The General Assembly of the Presbyterian Church (U.S.A.) has long envisioned a world without nuclear weapons [PDF] .  Could it be that the nations of the world are beginning to live into that vision? Recent events bring us to another moment to contact President Obama and our Senators asking them to work for a world free of nuclear weapons.

On July 6, in Moscow, President Obama and Russian President Medvedev agreed on the basic terms of a treaty to reduce the number of warheads and missiles to the lowest levels since the early years of the cold war. Plans are to complete the new treaty by December. It would then be subject to ratification by the Senate. This could lead to further talks next year on more substantial reductions.

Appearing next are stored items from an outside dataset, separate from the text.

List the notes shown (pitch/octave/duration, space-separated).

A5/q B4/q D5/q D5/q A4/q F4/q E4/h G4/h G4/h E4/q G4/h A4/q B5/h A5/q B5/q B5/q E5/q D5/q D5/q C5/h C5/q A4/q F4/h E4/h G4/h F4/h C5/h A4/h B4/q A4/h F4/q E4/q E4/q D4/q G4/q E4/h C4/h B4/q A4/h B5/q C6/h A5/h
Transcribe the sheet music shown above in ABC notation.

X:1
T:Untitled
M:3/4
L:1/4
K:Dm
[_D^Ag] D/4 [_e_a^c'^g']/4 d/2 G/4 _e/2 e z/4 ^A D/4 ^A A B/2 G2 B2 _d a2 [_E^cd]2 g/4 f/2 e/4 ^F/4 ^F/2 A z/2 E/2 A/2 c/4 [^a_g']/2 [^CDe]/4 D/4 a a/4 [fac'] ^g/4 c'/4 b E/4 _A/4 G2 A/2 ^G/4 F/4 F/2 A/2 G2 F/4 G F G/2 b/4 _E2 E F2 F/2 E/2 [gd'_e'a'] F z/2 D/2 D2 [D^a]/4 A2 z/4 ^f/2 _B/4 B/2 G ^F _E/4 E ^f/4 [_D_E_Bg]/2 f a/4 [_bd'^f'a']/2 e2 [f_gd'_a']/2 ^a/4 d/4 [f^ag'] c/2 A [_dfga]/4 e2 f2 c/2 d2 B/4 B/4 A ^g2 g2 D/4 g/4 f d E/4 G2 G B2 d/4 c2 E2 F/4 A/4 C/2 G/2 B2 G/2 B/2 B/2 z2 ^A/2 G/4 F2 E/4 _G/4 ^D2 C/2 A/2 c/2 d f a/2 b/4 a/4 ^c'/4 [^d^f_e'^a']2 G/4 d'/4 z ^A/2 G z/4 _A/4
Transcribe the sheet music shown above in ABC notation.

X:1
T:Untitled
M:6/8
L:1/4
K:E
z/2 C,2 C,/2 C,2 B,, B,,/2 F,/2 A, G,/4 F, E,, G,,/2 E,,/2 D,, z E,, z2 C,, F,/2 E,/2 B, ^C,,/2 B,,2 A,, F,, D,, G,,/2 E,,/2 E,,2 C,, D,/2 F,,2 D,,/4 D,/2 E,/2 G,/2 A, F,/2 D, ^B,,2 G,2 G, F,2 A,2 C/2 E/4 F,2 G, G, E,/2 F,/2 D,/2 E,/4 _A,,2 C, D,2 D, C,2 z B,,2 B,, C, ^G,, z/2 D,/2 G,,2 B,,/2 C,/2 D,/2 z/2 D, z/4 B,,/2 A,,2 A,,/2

The New York Times reports that the “treaty would reduce the ceiling on strategic warheads to somewhere between 1,500 and 1,675 warheads within seven years, down from the current ceiling of 2,200 warheads by 2012. The limit on delivery vehicles — land-based intercontinental missiles, submarines-based missiles and bombers — would be somewhere from 500 to 1,100, down from the 1,600 currently allowed.”

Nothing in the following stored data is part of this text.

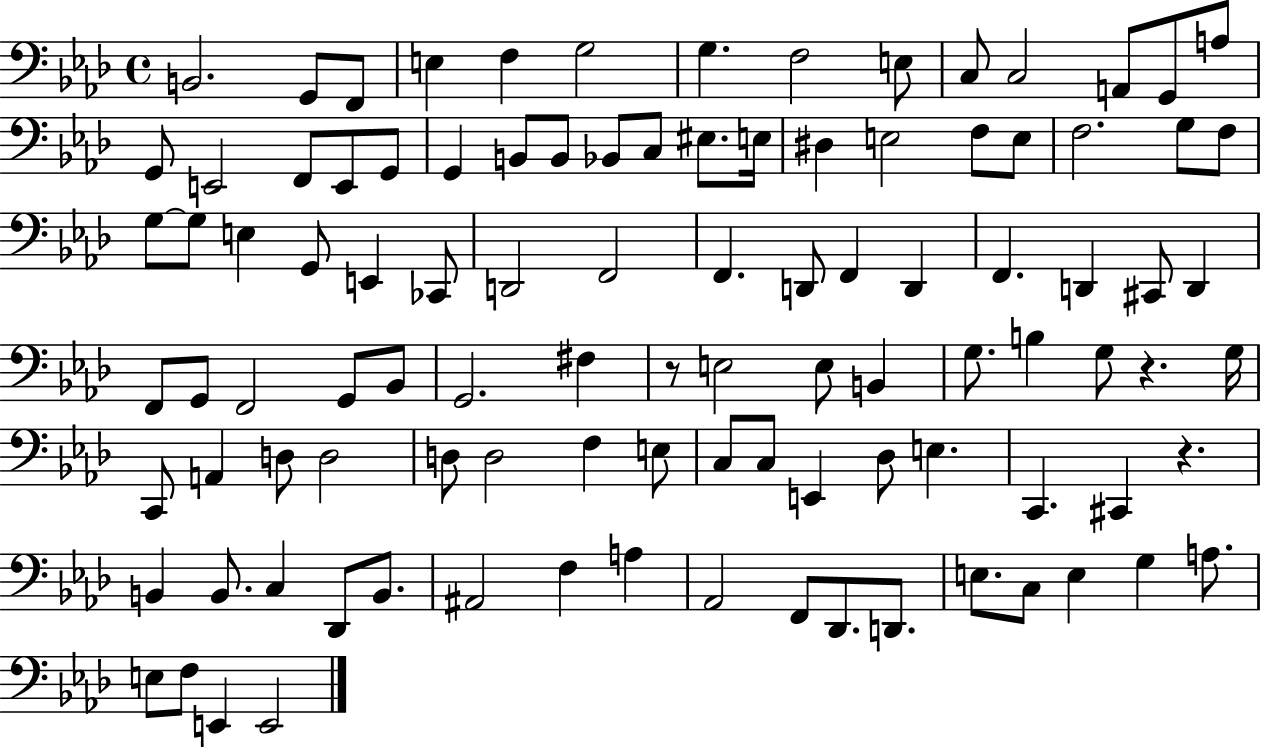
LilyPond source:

{
  \clef bass
  \time 4/4
  \defaultTimeSignature
  \key aes \major
  b,2. g,8 f,8 | e4 f4 g2 | g4. f2 e8 | c8 c2 a,8 g,8 a8 | \break g,8 e,2 f,8 e,8 g,8 | g,4 b,8 b,8 bes,8 c8 eis8. e16 | dis4 e2 f8 e8 | f2. g8 f8 | \break g8~~ g8 e4 g,8 e,4 ces,8 | d,2 f,2 | f,4. d,8 f,4 d,4 | f,4. d,4 cis,8 d,4 | \break f,8 g,8 f,2 g,8 bes,8 | g,2. fis4 | r8 e2 e8 b,4 | g8. b4 g8 r4. g16 | \break c,8 a,4 d8 d2 | d8 d2 f4 e8 | c8 c8 e,4 des8 e4. | c,4. cis,4 r4. | \break b,4 b,8. c4 des,8 b,8. | ais,2 f4 a4 | aes,2 f,8 des,8. d,8. | e8. c8 e4 g4 a8. | \break e8 f8 e,4 e,2 | \bar "|."
} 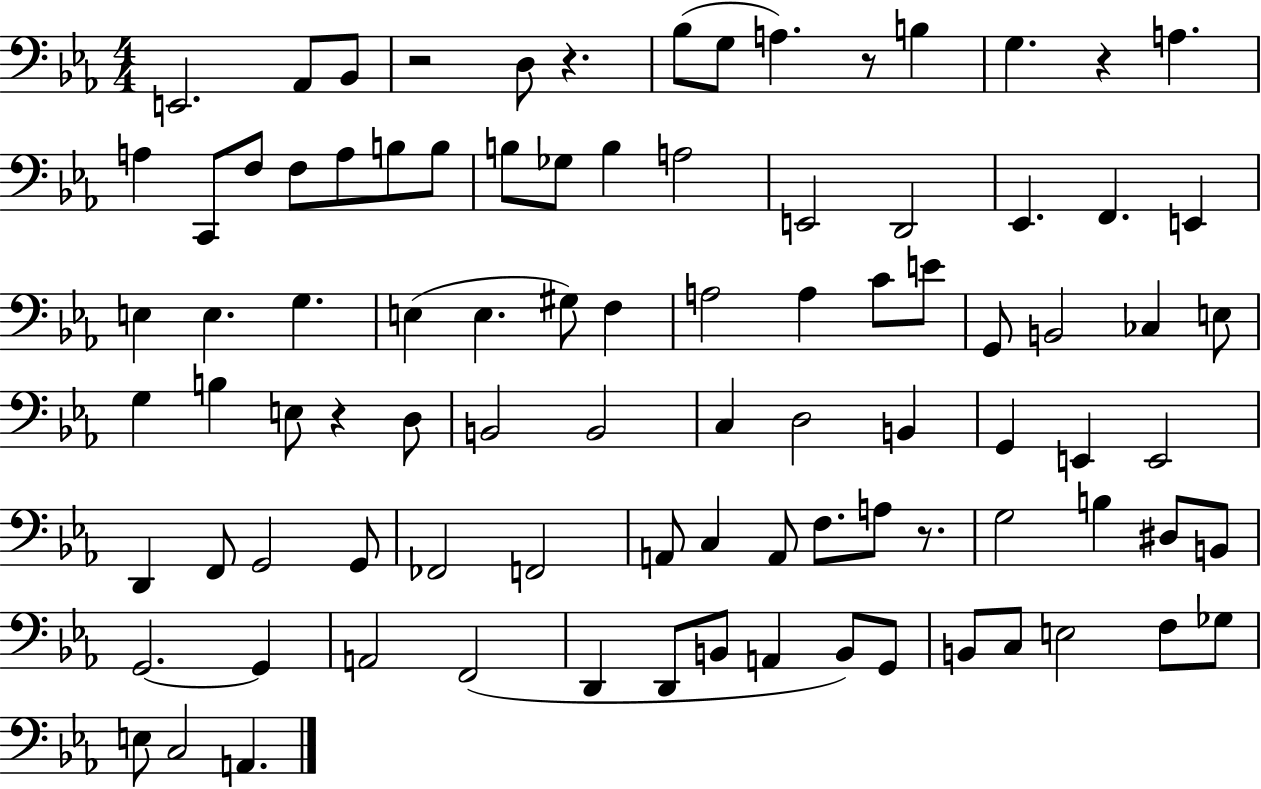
{
  \clef bass
  \numericTimeSignature
  \time 4/4
  \key ees \major
  e,2. aes,8 bes,8 | r2 d8 r4. | bes8( g8 a4.) r8 b4 | g4. r4 a4. | \break a4 c,8 f8 f8 a8 b8 b8 | b8 ges8 b4 a2 | e,2 d,2 | ees,4. f,4. e,4 | \break e4 e4. g4. | e4( e4. gis8) f4 | a2 a4 c'8 e'8 | g,8 b,2 ces4 e8 | \break g4 b4 e8 r4 d8 | b,2 b,2 | c4 d2 b,4 | g,4 e,4 e,2 | \break d,4 f,8 g,2 g,8 | fes,2 f,2 | a,8 c4 a,8 f8. a8 r8. | g2 b4 dis8 b,8 | \break g,2.~~ g,4 | a,2 f,2( | d,4 d,8 b,8 a,4 b,8) g,8 | b,8 c8 e2 f8 ges8 | \break e8 c2 a,4. | \bar "|."
}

Reactions to this step have been mixed. Some have applauded this as an important beginning. Others have criticized it for going too far. Yet others have criticized it for not going far enough.

Since 1946, the General Assembly, acting out of faith in Jesus Christ the Prince of Peace, has recognized that working for God's intended order and life abundant involves seeking international disarmament and arms control measures. In this effort, the General Assembly has opposed specific weapons programs and various measures that they believed stood in the way of disarmament and peace. At the same time, the General Assembly has advocated positive steps to control, reduce, and eliminate nuclear weapons. Always the General Assembly has understood that while eliminating nuclear weapons will not achieve the wholeness, well being, and justice of God's shalom, so doing is a crucial, necessary step in bringing God's shalom into being.